- _Your goal_: Print the listing below only from the line that has "Mappa celeste del" through the line that has "Silver Bronze Vide-Poche", exactly, and drop any picture.

- _Data provided_:
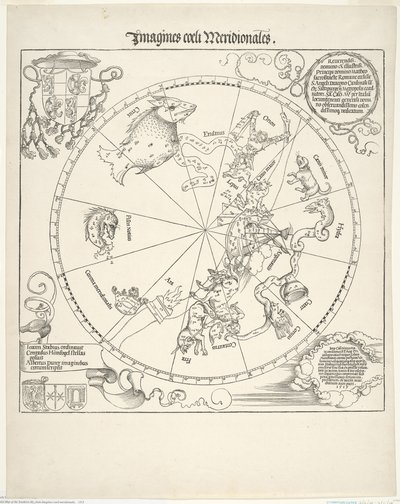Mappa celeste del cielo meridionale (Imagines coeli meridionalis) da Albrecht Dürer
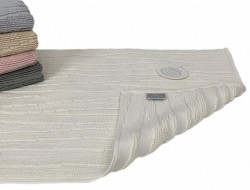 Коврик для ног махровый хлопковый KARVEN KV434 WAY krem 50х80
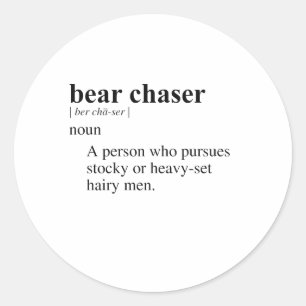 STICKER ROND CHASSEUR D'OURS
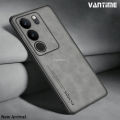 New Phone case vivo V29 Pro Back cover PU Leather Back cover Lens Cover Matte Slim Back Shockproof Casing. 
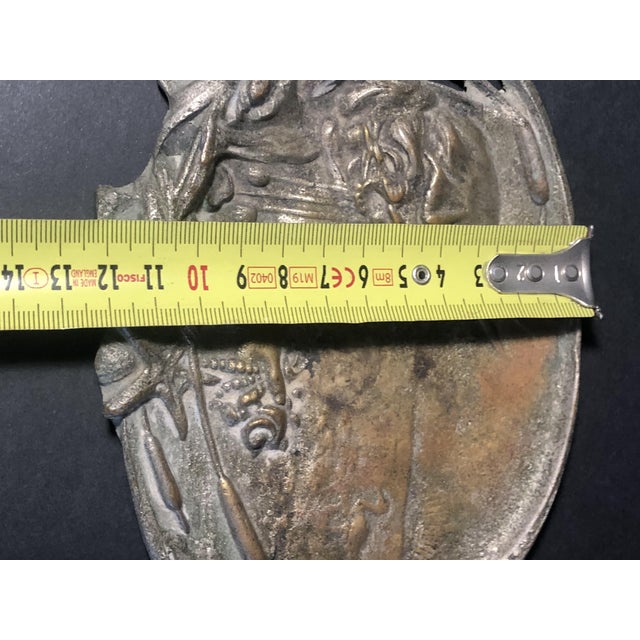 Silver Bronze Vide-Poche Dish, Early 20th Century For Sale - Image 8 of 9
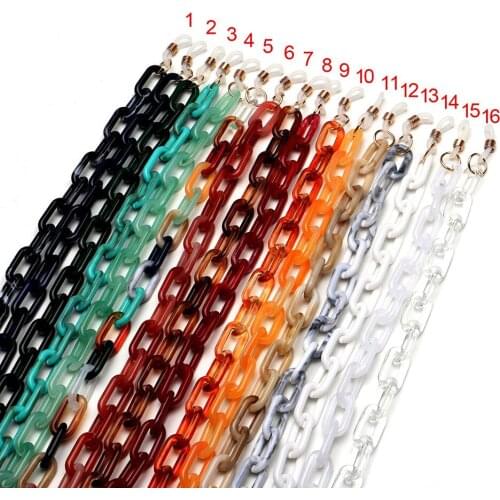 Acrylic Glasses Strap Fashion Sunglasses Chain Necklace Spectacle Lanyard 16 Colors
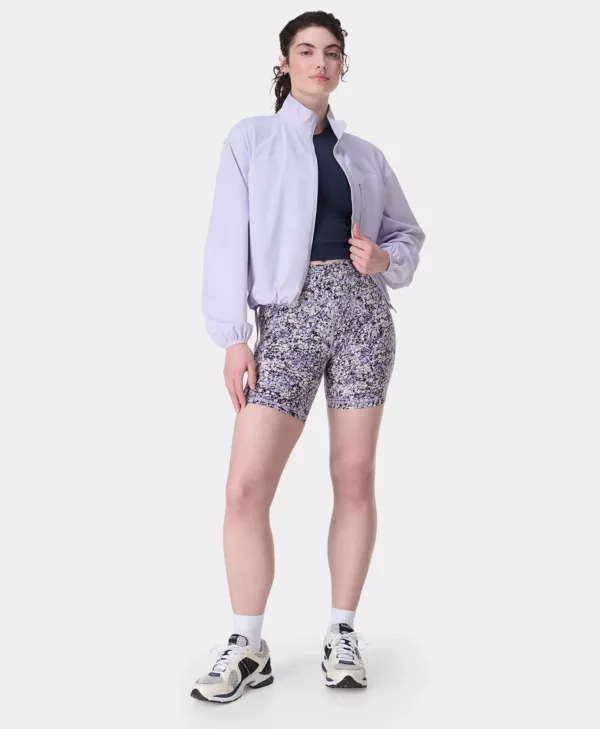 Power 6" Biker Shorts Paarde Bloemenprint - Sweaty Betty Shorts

...

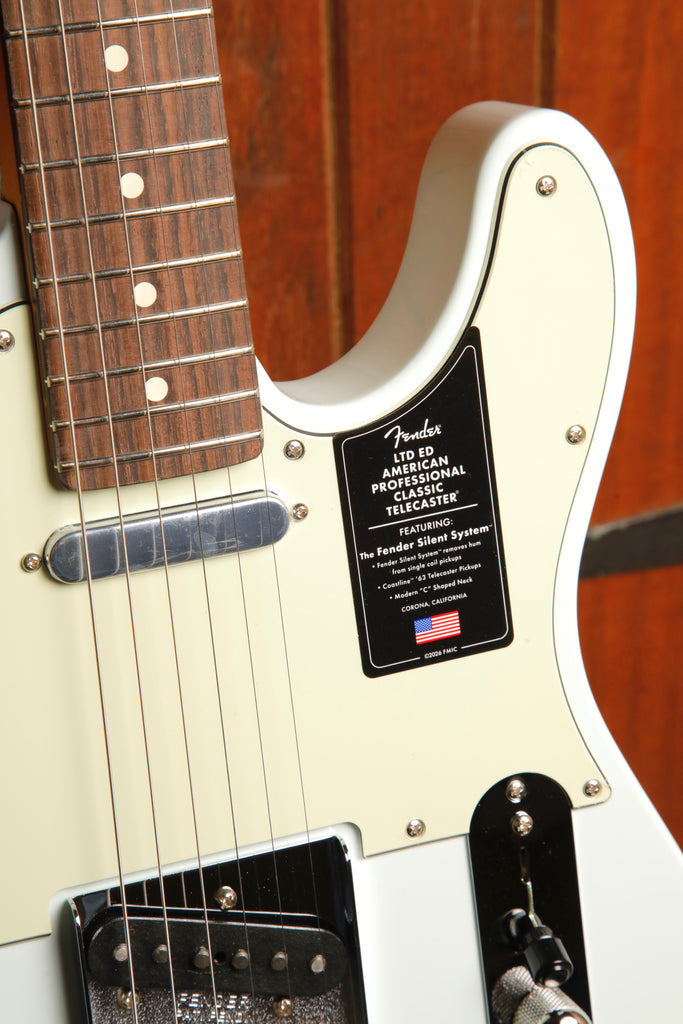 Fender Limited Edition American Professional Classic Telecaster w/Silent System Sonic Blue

- _Finished exercise_:
Mappa celeste del cielo meridionale (Imagines coeli meridionalis) da Albrecht Dürer
 Коврик для ног махровый хлопковый KARVEN KV434 WAY krem 50х80
 STICKER ROND CHASSEUR D'OURS
 New Phone case vivo V29 Pro Back cover PU Leather Back cover Lens Cover Matte Slim Back Shockproof Casing. 
 Silver Bronze Vide-Poche Dish, Early 20th Century For Sale - Image 8 of 9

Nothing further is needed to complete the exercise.